2. 2942 sayılı Kamulaştırma Kanunu’nun( 2942 sayılı Kanun) Ek Madde-1 inci maddesi:
“Uygulama imar planlarında umumi hizmetlere ve resmî kurumlara ayrılmak suretiyle mülkiyet hakkının özüne dokunacak şekilde tasarrufu hukuken kısıtlanan taşınmazlar hakkında, uygulama imar planlarının yürürlüğe girmesinden itibaren beş yıllık süre içerisinde imar programları veya imar uygulamaları yapılır ve bütçe imkânları dâhilinde bu taşınmazlar ilgili idarelerce kamulaştırılır veya her hâlde mülkiyet hakkını kullanmasına engel teşkil edecek kısıtlılığı kaldıracak şekilde imar planı değişikliği yapılır/yaptırılır. (İptal: Anayasa Mahkemesinin 20/12/2018 tarihli ve E.: 2016/181 K.: 2018/111 sayılı Kararı ile)”

3. 26.11.2020 tarihli ve 32025 sayılı Resmî Gazete’de yayımlanan 7421 sayılı Kanun’un 3 üncü maddesi ile Ek Madde-1 inci maddesinin 1 inci fıkrasına eklenen cümle:
“Bu süre içinde belirtilen işlemlerin yapılmaması halinde taşınmazların malikleri tarafından mülkiyet hakkından kaynaklı bedele ilişkin açılacak davalar, adli yargıda görülür.”

4.2942 sayılı Kanun’un 11 inci maddesi.

5.5216 sayılı Büyükşehir Belediyesi Kanunu (5216 sayılı Kanun) 7 nci maddesi.

3. Değerlendirme
1. Bölge adliye mahkemelerinin nihai kararlarının bozulması 6100 sayılı Kanun’un 371 inci maddesinde yer alan sebeplerden birinin varlığı hâlinde mümkündür.

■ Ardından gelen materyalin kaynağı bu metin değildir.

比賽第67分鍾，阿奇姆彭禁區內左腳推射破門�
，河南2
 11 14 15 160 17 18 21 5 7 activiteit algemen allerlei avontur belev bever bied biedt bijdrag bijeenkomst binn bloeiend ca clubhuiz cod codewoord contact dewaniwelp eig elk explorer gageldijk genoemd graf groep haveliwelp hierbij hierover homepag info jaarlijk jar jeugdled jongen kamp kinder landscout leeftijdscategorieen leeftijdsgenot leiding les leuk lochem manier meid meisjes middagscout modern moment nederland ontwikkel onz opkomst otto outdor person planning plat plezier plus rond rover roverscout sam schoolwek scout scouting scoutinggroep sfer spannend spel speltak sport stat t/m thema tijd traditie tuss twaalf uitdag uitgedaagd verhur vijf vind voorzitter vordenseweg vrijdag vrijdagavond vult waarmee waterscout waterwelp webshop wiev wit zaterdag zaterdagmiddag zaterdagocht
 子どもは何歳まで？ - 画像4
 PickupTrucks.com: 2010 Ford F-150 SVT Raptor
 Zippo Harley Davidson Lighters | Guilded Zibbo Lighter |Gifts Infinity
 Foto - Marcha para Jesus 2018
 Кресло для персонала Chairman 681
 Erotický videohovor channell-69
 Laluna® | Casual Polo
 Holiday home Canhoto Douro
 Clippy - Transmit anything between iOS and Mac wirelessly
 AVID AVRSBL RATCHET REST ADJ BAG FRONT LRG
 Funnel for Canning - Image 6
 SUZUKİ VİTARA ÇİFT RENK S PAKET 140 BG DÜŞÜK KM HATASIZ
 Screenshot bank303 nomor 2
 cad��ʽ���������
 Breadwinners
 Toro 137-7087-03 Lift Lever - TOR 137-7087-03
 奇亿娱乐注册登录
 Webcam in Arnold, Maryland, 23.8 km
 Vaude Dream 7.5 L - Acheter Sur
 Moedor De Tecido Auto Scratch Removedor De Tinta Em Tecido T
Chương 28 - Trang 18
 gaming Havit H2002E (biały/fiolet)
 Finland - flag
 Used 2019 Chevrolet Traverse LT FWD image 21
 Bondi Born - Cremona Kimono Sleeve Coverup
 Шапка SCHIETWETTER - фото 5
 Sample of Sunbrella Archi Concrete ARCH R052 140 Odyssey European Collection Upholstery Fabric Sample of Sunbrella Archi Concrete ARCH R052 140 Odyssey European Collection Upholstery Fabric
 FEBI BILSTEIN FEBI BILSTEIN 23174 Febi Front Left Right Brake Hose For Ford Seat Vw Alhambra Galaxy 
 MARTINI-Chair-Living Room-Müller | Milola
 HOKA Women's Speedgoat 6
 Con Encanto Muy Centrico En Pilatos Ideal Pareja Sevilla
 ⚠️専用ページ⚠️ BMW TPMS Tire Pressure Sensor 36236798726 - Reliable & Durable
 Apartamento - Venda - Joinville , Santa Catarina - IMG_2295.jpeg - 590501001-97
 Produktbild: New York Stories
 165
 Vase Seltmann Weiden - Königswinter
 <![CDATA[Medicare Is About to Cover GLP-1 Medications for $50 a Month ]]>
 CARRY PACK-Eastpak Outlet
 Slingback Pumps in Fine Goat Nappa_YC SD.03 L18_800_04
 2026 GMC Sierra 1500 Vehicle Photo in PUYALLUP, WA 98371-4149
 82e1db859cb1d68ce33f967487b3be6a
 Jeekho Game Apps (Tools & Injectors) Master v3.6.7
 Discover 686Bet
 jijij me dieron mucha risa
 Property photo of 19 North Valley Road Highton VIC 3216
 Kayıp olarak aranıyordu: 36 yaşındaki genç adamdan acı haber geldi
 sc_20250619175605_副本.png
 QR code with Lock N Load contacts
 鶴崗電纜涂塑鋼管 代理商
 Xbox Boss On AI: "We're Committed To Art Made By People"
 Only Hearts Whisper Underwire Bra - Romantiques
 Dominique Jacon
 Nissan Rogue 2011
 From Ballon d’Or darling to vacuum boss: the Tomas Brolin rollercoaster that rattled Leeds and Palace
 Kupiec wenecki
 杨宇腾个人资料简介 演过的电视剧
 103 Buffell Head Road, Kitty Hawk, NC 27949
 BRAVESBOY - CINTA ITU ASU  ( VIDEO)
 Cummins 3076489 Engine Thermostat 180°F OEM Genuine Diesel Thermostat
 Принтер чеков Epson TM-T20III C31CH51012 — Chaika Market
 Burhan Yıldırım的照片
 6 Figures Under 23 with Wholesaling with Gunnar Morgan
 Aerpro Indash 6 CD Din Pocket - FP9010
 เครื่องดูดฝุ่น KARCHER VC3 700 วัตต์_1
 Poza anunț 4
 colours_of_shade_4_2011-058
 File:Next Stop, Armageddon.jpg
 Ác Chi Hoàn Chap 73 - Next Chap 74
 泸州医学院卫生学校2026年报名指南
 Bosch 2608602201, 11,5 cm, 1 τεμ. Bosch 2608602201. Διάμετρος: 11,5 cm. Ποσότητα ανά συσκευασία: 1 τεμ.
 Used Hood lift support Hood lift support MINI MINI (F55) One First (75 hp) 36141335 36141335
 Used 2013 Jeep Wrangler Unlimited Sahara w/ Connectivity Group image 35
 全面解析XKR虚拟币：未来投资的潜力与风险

2. Dosyadaki bilgi ve belgelere göre; taşınmazın 85016 nolu kesinleşen parselasyon planı ile 1993 tarihinde “1/1000 ölçekli imar planında “Kültürel Tesis Alanı” olarak ayrıldığı ve taşınmaza fiilen el atılmadığı anlaşılmış olsa dahi, dava konusu taşınmazın uzun yıllardan beri kamu hizmetine tahsis edilmiş olması nedeniyle mülkiyet hakkının süresi belirsiz şekilde kısıtlanması nedeniyle kamulaştırmasız el atma olgusunun gerçekleştiğinin kabulü gerektiği sonucuna varılmıştır. Taşınmazın imar planında “Özel Kültürel Tesis Alanı” olarak ayrıldığına dair bir bilgi bulunmadığı gibi, … İmar ve Şehircilik Müdürlüğünün Ağustos 2019 gün ve 369 sayılı yazısına göre de taşınmazın “Kültürel Tesis Alanı” olduğunun belirtildiği görülmüştür. Dava konusu taşınmaza 2942 sayılı Kanun’un 11 inci maddesinin birinci fıkrasının (g) bendi uyarınca emsalin üstün ve eksik yönleri belirlenip kıyaslaması yapılarak değer biçilmesi, aynı bölgeden Dairemize intikal etmiş olan dosyalar da nazara alındığında yerinde olduğu gibi alınan rapor uyarınca bedelinin davalı idareden tahsiline karar verilmesi doğrudur.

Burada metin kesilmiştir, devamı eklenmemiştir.